From the ratification of view, in 2009 1 June SFDA approval of new drug clinical applications 173; new drug product application 238, of which 8 a class of drugs, generic drug applications for 1074, 388 applications for import of drugs.
Zhang said that from these data we can see that the total reported significantly reduced drug registration, duplicate reporting reduced markedly improved the quality of the structure change. This fully shows the gradual return to normal drug registration, drug research and development increased in line with national conditions, the new "Drug Registration Regulations," the implementation of the correct orientation to achieve the desired outcomes.

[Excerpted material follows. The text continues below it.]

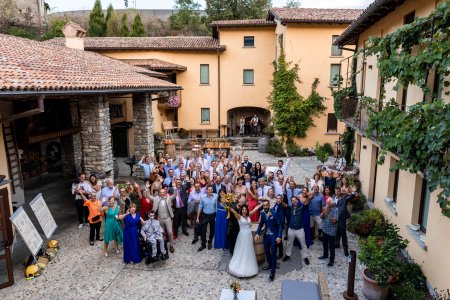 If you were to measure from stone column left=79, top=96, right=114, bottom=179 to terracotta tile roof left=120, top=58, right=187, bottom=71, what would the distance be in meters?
13.0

Recalling the transition varieties of centralized review and approval of an inventory document number, etc., Zhang said that the management of drug registration to address outstanding problems, SFDA in accordance with the deployment of the State Council, actively and steadily carried out the pharmaceutical development of the special rectification work areas. 33000 drugs through the registration on-site verification, withdrew 7999 drug registration applications; through drug approval number inventory write-off of the 4337 ratification of the symbol; varieties through centralized review of the transition period to deal with the backlog of species of 25000 , which does not approve 15000 varieties, mostly for chemical drugs 5 / 6 classes, TCM 8 / 9 class, not to approve the rate of 61%.

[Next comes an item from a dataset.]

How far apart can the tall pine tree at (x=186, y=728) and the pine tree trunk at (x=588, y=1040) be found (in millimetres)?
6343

October 2007 1, granted the revised "Drug Registration Management Measures" after the official implementation, SFDA has successively adopted a "Chinese Medicine Registration Supplementary Regulations", "on-site verification of drug registration regulations", "the special approval of the registration of new regulations." Recently, the transfer of technology to regulate the registration of drugs act to ensure drug safety, efficacy and quality control, according to "Drug Registration Regulations," the relevant provisions, SFDA issued a fourth implementation of the supporting documents - "Drug Registration of technology transfer regulations" .
Since then, the "Drug Registration Regulations" as the core of our legal system for drug registration initially formed, has entered a drug registration in China to encourage innovation, to guide new era.
Zhang said that encourage innovation, to guide innovation, which is reflected in numerous laws and regulations document, and mutual coordination and concerted efforts. First, the new revised "Drug Registration Regulations" strict the scope of a new drug, the issuance of the certificate to further enhance the gold content of the new drug certificate. Secondly, in the "special approval of the registration of new regulations", the early intervention through the adoption of a priority review, and multi-channel communication and dynamic measures such as supplementary information to encourage and support innovation in drug discovery. Third, the "on-site verification of drug registration regulations," provides for strict registration on-site verification and inspection requirements to ensure the authenticity of the information submitted to maintain the registration approval of the fairness and seriousness, so that all can truly down policies to encourage innovation into practice. Fourth, in the "Chinese Medicine Registration Supplementary Regulations" in order to encourage the new Chinese medicine indications in the new functional areas of R & D, for "there is no effective treatment for the treatment of diseases of the drug means" to increase connotation of "the main medical treatment card is not in the state-approved Chinese medicine 【Indication】 contained in the received drugs "into the specific approval of the scope, and to take concrete measures to broaden the group of Chinese herbal compound preparation of the content side. Fifth, the "Drug Registration of technology transfer regulations," after the introduction of right to further encourage innovation, promote the rational allocation of resources will play an important role.